As anticipated by many, Twitter stopped offering its (limited!) API for free 1.
Now, what options do you have to programmatically access the public content for free?
In this context, it is worth mentioning the library snscrape
, a tool (well-maintained as of now) for extracting the content from social media services such as Facebook, Instagram or Twitter 2. I have just given a go, in the scope of the research project I am working on, and would love to share some thoughts and code.

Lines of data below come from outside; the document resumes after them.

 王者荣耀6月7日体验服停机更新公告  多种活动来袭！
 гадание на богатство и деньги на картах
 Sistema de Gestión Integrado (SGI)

The basic usage is pretty simple, but I added multithreading to improve speed by executing queries in parallel (an established way of handling I/O bound operations). I also prefer a functional/pipeline style of composing Python commands, using generators
, filter
and map
features. The code snippet below (see also the Colab notebook) shows how to extract tweets of top futurists. Enjoy!
# install social media scrapper: !pip3 install snscrape
import snscrape.modules.twitter as sntwitter
import itertools
import multiprocessing.dummy as mp # for multithreading
import datetime
import pandas as pd
start_date = datetime.datetime(2018,1,1,tzinfo=datetime.timezone.utc) # from when
attributes = ('date','url','rawContent') # what attributes to keep
def get_tweets(username,n_tweets=5000,attributes=attributes):
tweets = itertools.islice(sntwitter.TwitterSearchScraper(f'from:{username}').get_items(),n_tweets) # invoke the scrapper
tweets = filter(lambda t:t.date>=start_date, tweets)

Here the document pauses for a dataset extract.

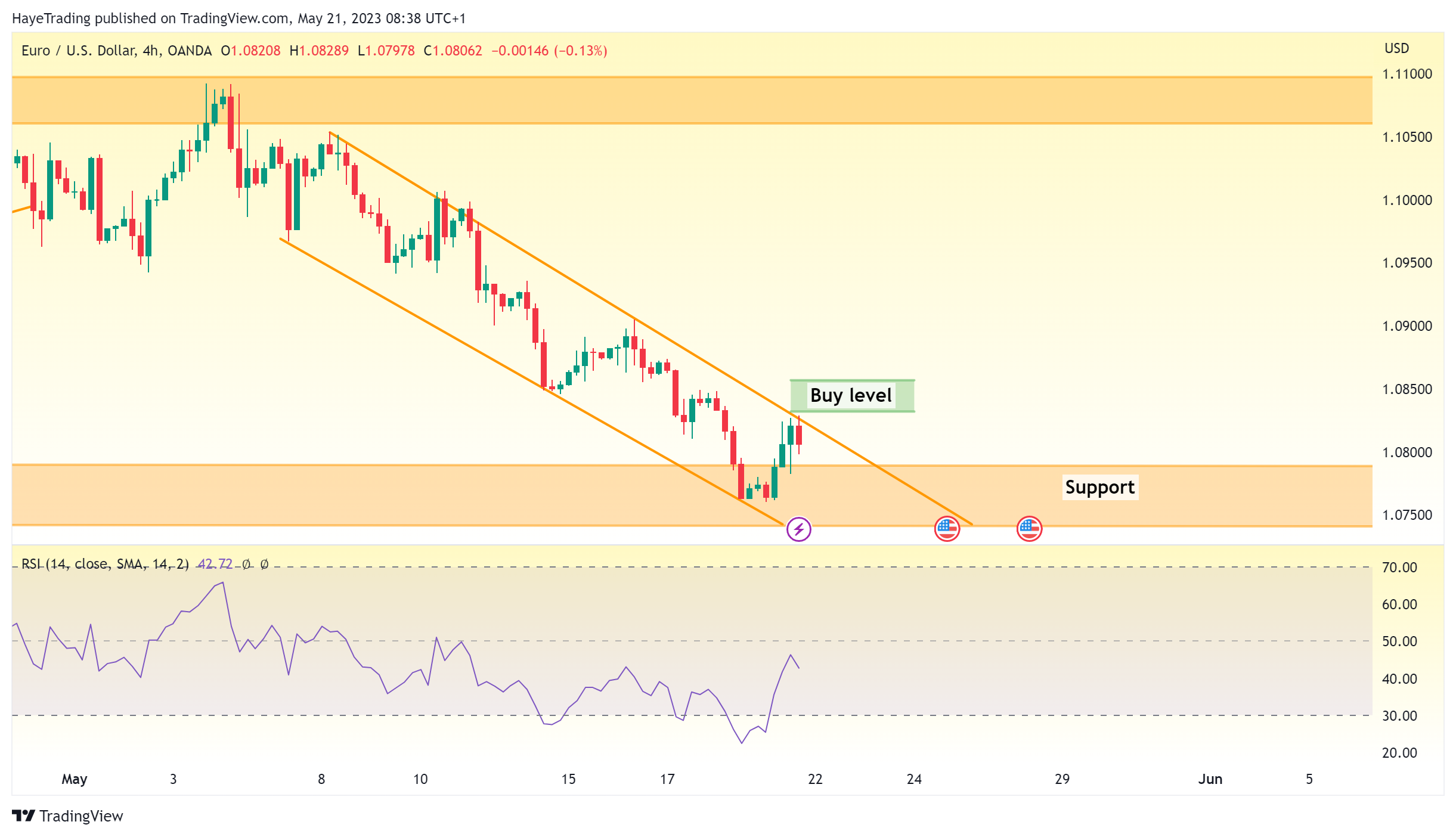 OANDA:EURUSD Chart Image by HayeTrading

tweets = map(lambda t: (username,)+tuple(getattr(t,a) for a in attributes),tweets) # keep only attributes needed
tweets = list(tweets) # the result has to be pickle'able
return tweets
# a list of accounts to scrape
user_names = ['kevin2kelly','briansolis','PeterDiamandis','michiokaku']
# parallelise queries for speed !
with mp.Pool(4) as p:
results = p.map(get_tweets, user_names)
# combine
results = list(itertools.chain(*results))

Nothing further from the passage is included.